|Subject: May I share a simple story to help?|
Bible Note: You write: "I have found in the past, that knowledge of certain cultural customs, or ancient language information has helped me to see some interesting points. However, I believe this knowledge to be unnecessary for understanding of the Bible."
Following is an alternate viewpoint, one held by EVERY reputable Bible scholar.
"How to Study Your Bible: Closing the Gaps"
"...in order to get the most out of God's Word, in order to really understand what God meant by what He said we have to close some gaps.
"The gaps in our understanding of the Bible are related to an ancient document. We're dealing with an ancient document. This book is a very old book...it is ancient. It was completed, as you obviously know, in the first century A.D., that's 2,000 years ago, and so we have a very old document. That creates some gaps for us. If we're going to understand the Bible we have to close those gaps.
"Gap number one is a language gap. The Bible was not written in English. [It was written in Hebrew, Aramaic, and Greek.]
"So knowing the language is very important. Somebody has to know the language. If you as a Bible student don't know it, you have to have somebody who does know it informing you about it. That's where commentaries come in to be of help to you and study materials and Vine's Dictionary of New Testament Words and Dictionary of Old Testament Words and those kinds of things that help you to come to grips with what the words mean.
"A second gap that has to be closed is the culture gap. That deals not with the speech but with the customs. Speech is connected to custom.
"You can't recreate the scenery biblically unless you know the culture, that's very, very important unless you know the background. Understanding many things about culture, Jewish culture, Greek culture very, very important in interpreting the Scripture. The culture of the mystery religions, the culture of the Pharisees, the culture of the Sadducees, the Romans, the whole situation there, the culture around Israel, the polytheism, the polytheism meaning the many god pagans, the culture of Baal worship, all of that stuff that surrounds the biblical data is part of understanding the framework in which language exists and in which stories are told.
"Thirdly the geographical gap, the geography gap.
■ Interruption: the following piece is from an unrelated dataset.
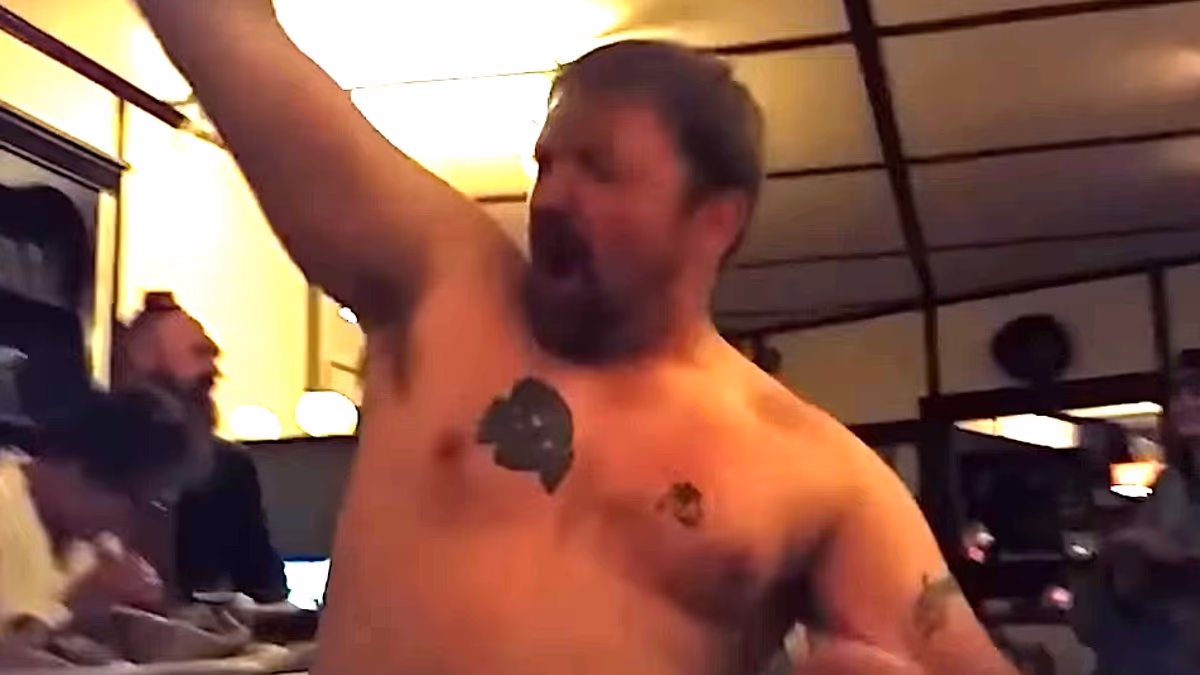 Nazi-tattooed Platner's behavior is turning voters OFF Democrats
"[First] you understand much about [the language and] the culture of the Bible, [then] you understand much about the geography of the Bible, and then you're going to get to understanding the fourth point which is the history, the plot itself. You have to close those gaps.
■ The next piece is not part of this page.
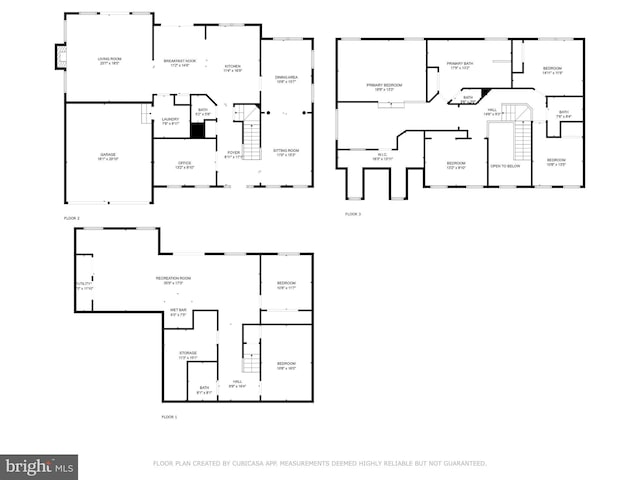 7098 Garden Walk, Columbia, MD 21044 - home floor plan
"Now let's talk about those...those four gaps...the language gap, that gives you the speech; the culture gap gives you the customs and the idioms; the geography gaps creates the scenery, the actual scenario around it; and the history gap is the plot, what's going on historically around that. What is the context of history. I have found through the years that spending a maximum of time on these matters is crucial to all effective Bible understanding."